For anybody who wants to do any of those like singing shows, you know, it’s one of those things. If you want to do it, do it – take advantage of it for what it is. It all depends on what your goal is, I think. I think just to have that assessed and aligned before you walk in doing anything, really.

Have you made a trip down to Broadway to perform in any of those bars yet?

No, I haven’t! I’ve stayed away from Broadway thus far. However, I played at Tootsie’s when I was like 12, 14, or something when we came up for vacation. We got to sit in the VIP booth, and I think the band that was playing thought that we were rich. So, they let me sing a song or two with them. But since then, I’ve yet to make my return.”

Who would you say your dream duet partner would be, and what’s coming from you next in 2021?
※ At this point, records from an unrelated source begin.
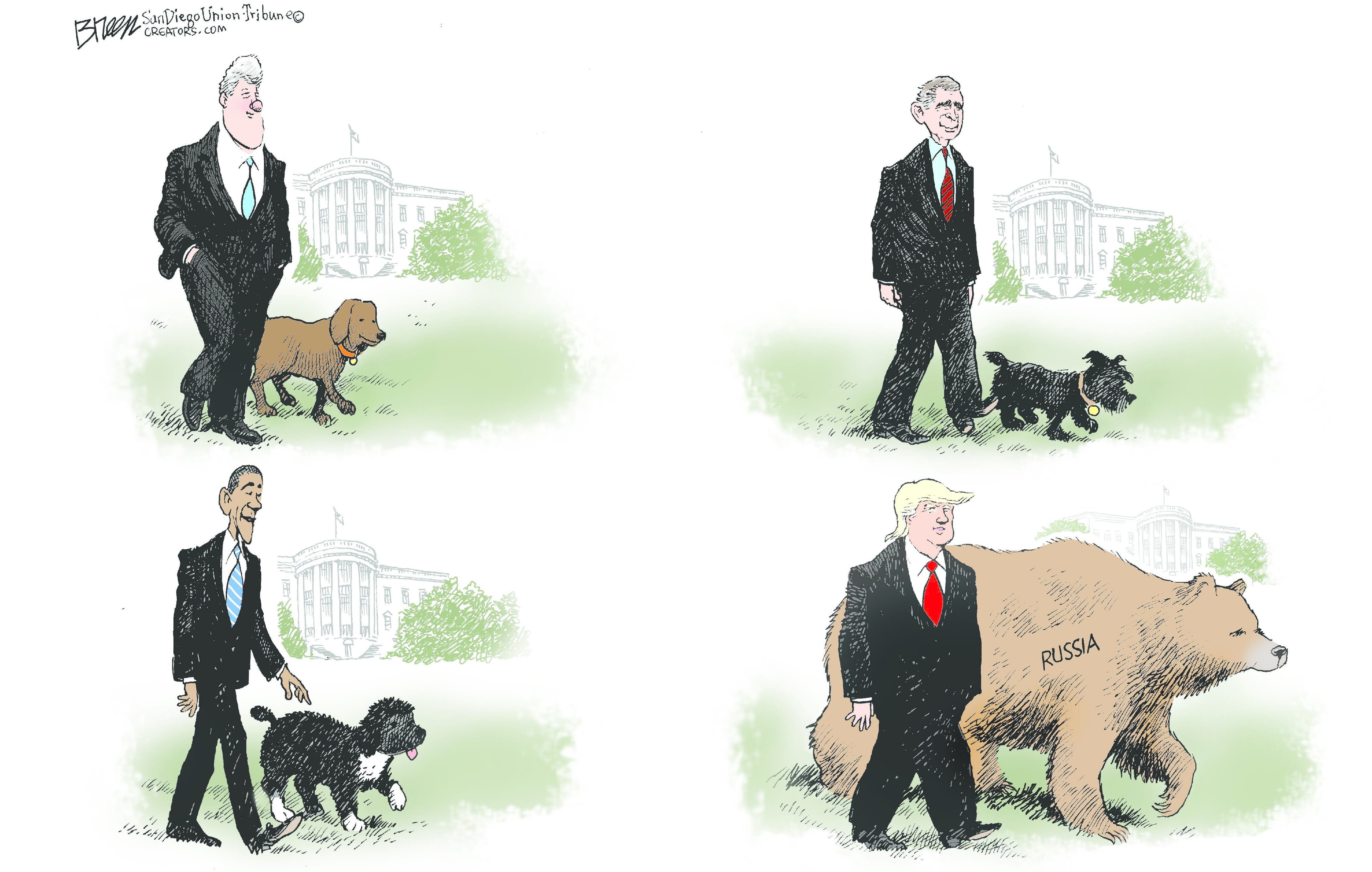 Political Cartoon . Presidents first dogs Trump Russian bear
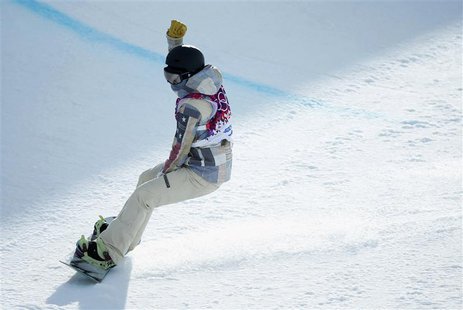 Kelly Clark of the U.S. reacts during the women's snowboard halfpipe qualification round at the 2014 Sochi Winter Olympic Games in Rosa Khut Kelly Clark of the U.S. reacts during the women's snowboard halfpipe qualification round at the 2014 Sochi Winter Olympic Games in Rosa Khut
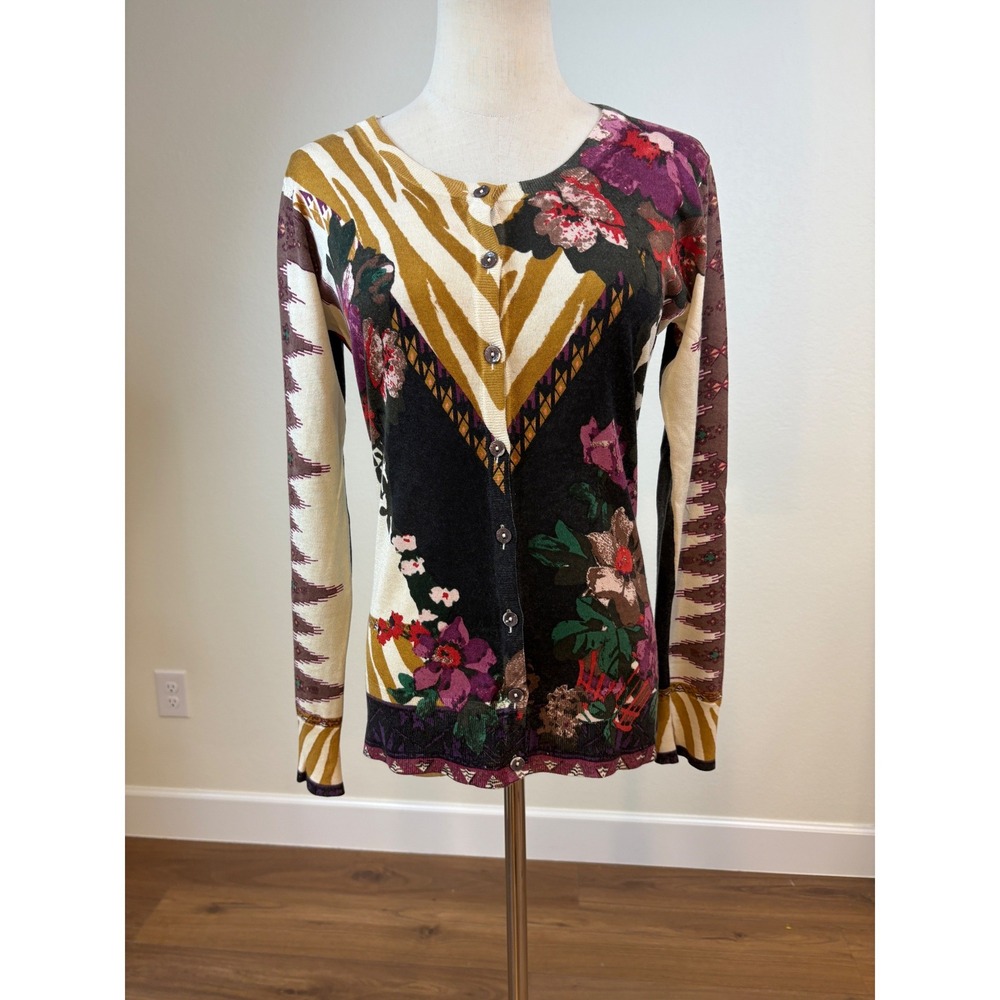 Etro Milano Cardigan 42 Multicolor Cashmere silk Blend Floral Tribal Luxury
Oh, I mean dream duet partner. I feel like, after the conversation that we had, I have to Miranda Lambert. That would be incredible. Or Eric Church or Sturgill Simpson. That would be keepin’ it country, for sure. And then what’s next for me is this record that’s about to come out, and excited about that, excited to keep hitting the road. I’ve done quite a few shows this year, so I’m looking forward to keeping those up, and other than that, I’m just, I guess, my first instinct, man, you know? Live fast, die young, leave a good-looking corpse.